El caso es que, guste o no a algunos, o a muchos, la etapa regeneracionista ya se ha iniciado. Ya sé que no es esto precisamente lo que dirá Mariano Rajoy cuando este lunes haga balance de la Legislatura, una de las más improductivas políticamente que yo recuerdo, aunque haya que atribuir méritos a nuestros gobernantes –y a los de fuera…– en el terreno de los avances, o consolidaciones más bien, económicos.
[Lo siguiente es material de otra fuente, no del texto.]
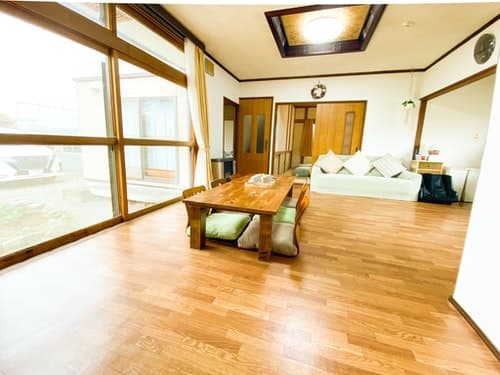 ハルズハウス　＾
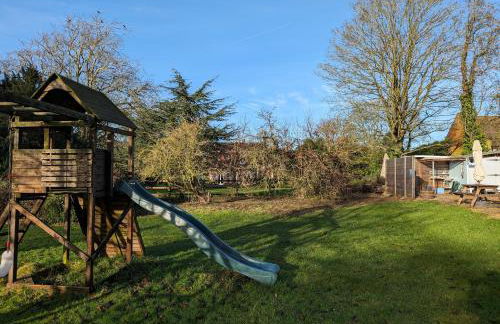 The Writer's Retreat Ground Floor Apartment - Photo 22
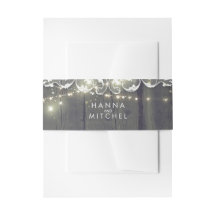 素朴な木およびひもライトレースの結婚式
Ni cuando, por la noche, le entrevisten en Televisión Española. Apuesto por que el presidente y aspirante a lo mismo insistirá en lo bien que va todo gracias a él y, si todo va bien, para qué andar cambiando y todos esos líos que se montan todos los demás, que lo único que quieren es pisar moqueta en La Moncloa. ¿Volverá, ay, a equivocarse el hombre que más poder político ha tenido, y tiene, en la España que inició una nueva trayectoria tras Felipe González, con José María Aznar?. Hay quien dice que Rajoy parece empeñado en perder las elecciones, pese a sus paseos electorales, paellera en mano. Para mí, ahora, lo importante no es tratar de averiguar quién perderá, aunque sea ganando en votos, sino quiénes, y cómo, y para qué, van a ganar. Sigamos atentos a la pantalla, que el espectáculo continúa.